Kim Sowder became head coach at Long Beach State following the 2006 season after serving 11 years as assistant and associate coach. Working with hitting and defense, Sowder helped the 49ers post the four highest team batting averages in the history of the program in the 1990s. The 49ers also led the Big West Conference in team fielding percentage for three straight seasons. The former All-American shortstop (1989 to 1992) was inducted into the Long Beach State Athletics Hall of Fame in 1998. Sowder earned her undergraduate degree in marketing in 1993 and then went into the coaching ranks, serving two years as an assistant coach at Pacific before returning to her alma mater.
Heather Tarr was named head coach at her alma mater, Washington, in 2004 after a six-year stint at Pacific as an assistant and then associate head coach. The Huskies were 70-47 and advanced to the NCAA Super Regionals in her first two years at the helm. In her tenure at Pacific, she was part of the 2001 NFCA West Region Coaching Staff of the Year after guiding the Tigers to within one win of the Women's College World Series and a No. 18 final national ranking. Tarr joined Pacific prior to the 1999 season after an outstanding playing career as a Husky.
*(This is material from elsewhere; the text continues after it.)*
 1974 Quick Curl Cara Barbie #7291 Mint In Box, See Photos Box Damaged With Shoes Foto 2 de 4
A four-year letterwinner, Tarr helped lead UW to a second place finish at the Women's College World Series in 1996 and a third place finish in 1997.
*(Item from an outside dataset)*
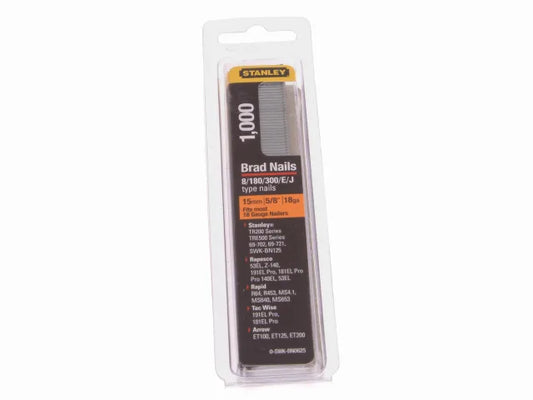 Stanley SWKBN Brad Nails 15mm Pack of 1000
Michelle Venturella became the first associate head coach in Iowa softball history in 2004. In her first year, Venturella helped the Hawkeyes compile a 44-15 record and win the Big Ten regular season and tournament championships. As a player, Venturella was one of the best catchers in the country, holding a spot on the U.S. National Team from 1995 to 2000. Throughout her career with USA Softball, she earned four gold medals, including Olympic gold in 2000. She also helped the United States to gold at the 1998 World Championships, and she was an alternate on the 1996 Olympic team. A 1996 graduate of Indiana University, Venturella still ranks among its top five in eight offensive categories and remains Indiana's all-time leader in RBIs and walks.
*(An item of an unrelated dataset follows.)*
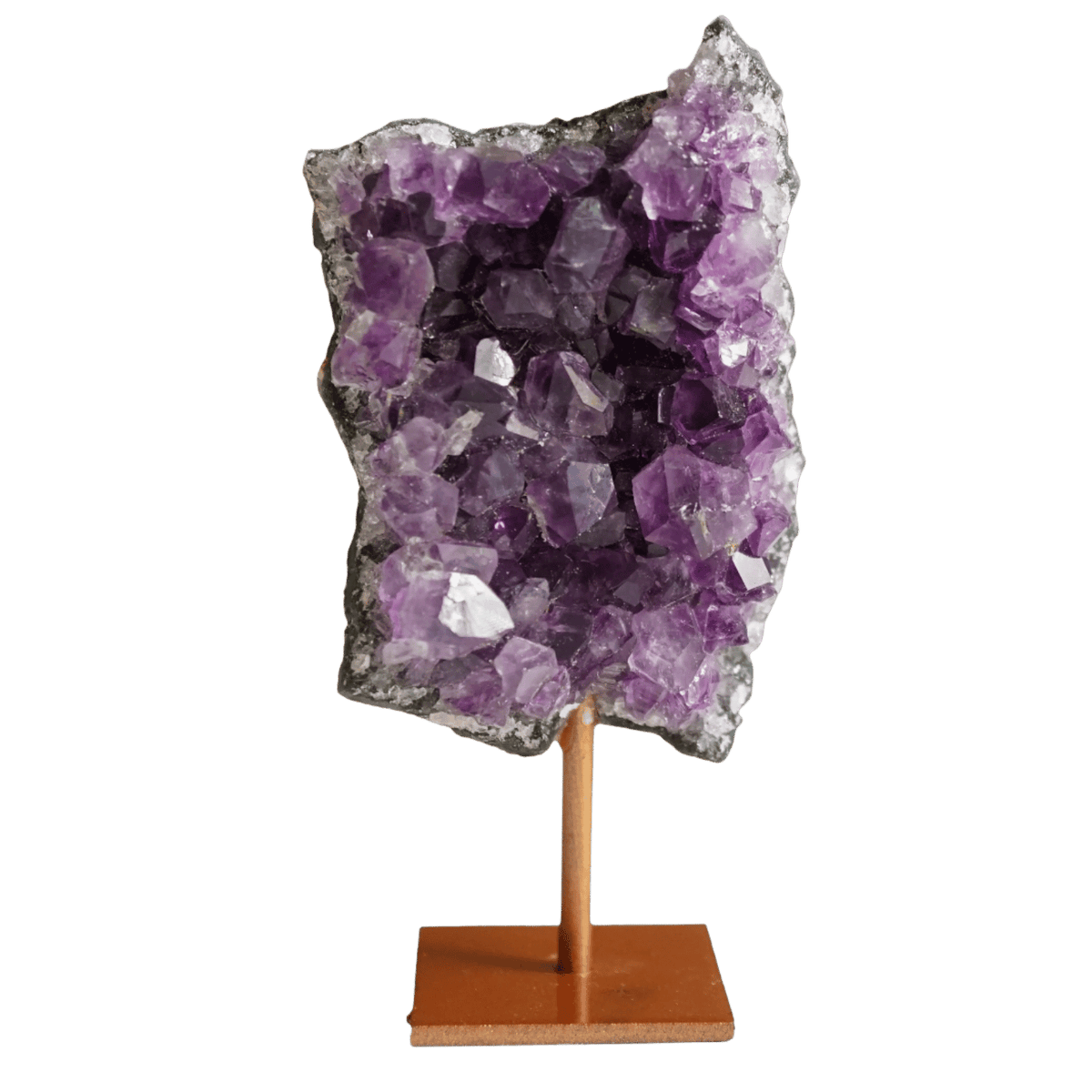 Amethyst Cluster on Copper Stand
Margie Wright was the first softball coach to amass 1,000 NCAA Division I career victories, 950 of which have come at Fresno State University. Her remarkable 27-year career includes a national title, six more top-three finishes, 10 regional championships, and 16 conference ttitles. She has guided the Bulldogs to 10 of the programs 12 NCAA Women's College World Series appearances. Wright also led the USA Softball National Team to a gold medal at the 1998 ISF World Championships. Wright has coached 13 Olympians, 51 All-Americans, 15 academic All-Americans, and two NCAA Top VIII Award Winners. She has been named National Coach of the Year once, Regional Coach of the Year seven times, and West Coast Conference Coach of the Year eight times. Wright is a member of the NFCA Hall of Fame and the Women's Sports Foundation International Hall of Fame.